Manish Kumar and Challenging the IBC

2021-03-10T14:32:54+05:30 March 10th, 2021|Insolvency and Bankruptcy Code|Comments Off on Manish Kumar and Challenging the IBC

The 2019 judgment in Essar Steel holds the record of being the only case in which a section of the IBC was struck down on the grounds of unconstitutionality (a time limit for finishing the judicial process was held to be “manifestly arbitrary”). If further evidence were needed of the Supreme Court’s utter unwillingness to strike down provisions of the Insolvency and Bankruptcy Code (and willingness to write long judgments about why they were refusing to do so), one may look no further than the recent case of Manish Kumar v. Union of India. In fact, the following facts, leading up to Manish Kumar, are instructive in themselves:

  1. The IBC was comprehensively challenged in the Swiss Ribbons case. The challenge was equally comprehensively rejected, on the basis of what the Court termed the eligibility of the Code, being economic legislation, to a “judicial hands-off”. Incidentally, the judgment was, somewhat unnecessarily, padded with the Court’s own conception of the distinction between financial and operational creditors – that financial creditors, unlike operational creditors, are mainly secured, they are involved with assessing the viability of the corporate debtor from the beginning, they enable the debtor to set up business, and their debts involve large amounts.
  • In Pioneer Urban, the Court considered a challenge to the amendment by which real estate allottees were designated as financial creditors. Predictably, the petitioners, who were construction companies, read out chapter and verse of the Court’s own observations in Swiss Ribbons – real estate allottees, it was submitted, did not in the least fulfil the Court’s description of financial creditors. The Court upheld the amendment and accepted (as I would submit, it had to, given its earlier judicial hands-off ruling) the Government’s argument that real estate allottees were financial creditors as they financed the project and got flats in return. To the petitioners’ argument based on Swiss Ribbons, it adopted this time-honoured escape route – “To apply a judgement rendered in a wholly different context to the facts in the present case would itself be an arbitrary exercise.
  • So by this time, we knew that the Supreme Court was willing to shift course abruptly, only to accommodate the latest legislative position on the IBC. After Pioneer Urban, the NCLTs started getting overwhelmed with petitions by disgruntled real estate allottees. Rather than removing real estate allottees from the category of financial creditors, the Government decided that it would make it very, very difficult for such persons to approach the NCLT. The IBC was amended to say that they could only approach the NCLT if ten percent of the allottees of a project, or 100 allottees in total, whichever was lesser, banded together to file an application.

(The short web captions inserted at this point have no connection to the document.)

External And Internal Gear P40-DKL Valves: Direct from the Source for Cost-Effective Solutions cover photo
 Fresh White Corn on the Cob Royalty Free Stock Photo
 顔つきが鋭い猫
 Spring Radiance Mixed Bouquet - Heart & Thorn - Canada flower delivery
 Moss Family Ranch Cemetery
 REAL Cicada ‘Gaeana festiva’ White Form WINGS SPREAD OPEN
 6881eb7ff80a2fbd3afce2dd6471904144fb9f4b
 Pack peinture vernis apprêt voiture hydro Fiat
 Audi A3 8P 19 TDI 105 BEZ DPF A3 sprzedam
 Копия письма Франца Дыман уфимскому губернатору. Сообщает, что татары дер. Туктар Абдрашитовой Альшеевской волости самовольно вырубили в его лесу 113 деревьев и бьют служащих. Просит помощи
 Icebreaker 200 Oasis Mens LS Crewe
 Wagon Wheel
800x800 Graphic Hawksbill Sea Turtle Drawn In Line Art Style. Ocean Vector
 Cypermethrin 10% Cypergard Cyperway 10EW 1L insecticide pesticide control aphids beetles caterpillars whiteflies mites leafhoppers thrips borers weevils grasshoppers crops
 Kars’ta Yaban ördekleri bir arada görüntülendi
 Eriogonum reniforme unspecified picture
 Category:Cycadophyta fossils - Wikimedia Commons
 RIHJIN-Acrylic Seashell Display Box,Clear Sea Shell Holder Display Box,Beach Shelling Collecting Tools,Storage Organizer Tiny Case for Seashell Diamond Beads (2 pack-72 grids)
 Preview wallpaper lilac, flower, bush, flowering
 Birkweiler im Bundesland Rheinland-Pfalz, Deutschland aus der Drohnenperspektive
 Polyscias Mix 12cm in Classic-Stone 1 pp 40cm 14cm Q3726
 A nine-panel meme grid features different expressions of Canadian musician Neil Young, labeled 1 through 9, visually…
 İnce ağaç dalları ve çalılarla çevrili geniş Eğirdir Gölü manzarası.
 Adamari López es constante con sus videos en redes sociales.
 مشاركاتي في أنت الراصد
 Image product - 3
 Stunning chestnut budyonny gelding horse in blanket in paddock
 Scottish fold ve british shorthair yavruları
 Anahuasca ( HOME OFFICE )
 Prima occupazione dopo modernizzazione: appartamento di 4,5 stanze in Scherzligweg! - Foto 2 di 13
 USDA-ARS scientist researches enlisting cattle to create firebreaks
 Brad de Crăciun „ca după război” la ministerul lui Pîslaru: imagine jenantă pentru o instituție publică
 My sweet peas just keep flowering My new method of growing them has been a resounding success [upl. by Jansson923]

The allottees challenged the new amendment in Manish Kumar. They attacked the shabby treatment they were being given when compared to other financial creditors. How, they wondered, had Parliament reached the Orwellian conclusion that all financial creditors were equal, but some were more equal than others? The SC was unmoved. “It is not for this Court to sit in judgment over the wisdom of such a measure,” it intoned. The Government had produced figures showing that the number of cases filed by allottees had risen sharply. It had determined that rather than derail the scheme of the Code, this high bar was necessary. The Court accepted what the Government said, adding that the filing of multiple individual actions was a “spectre”. 

The petitions, as usual, were dismissed.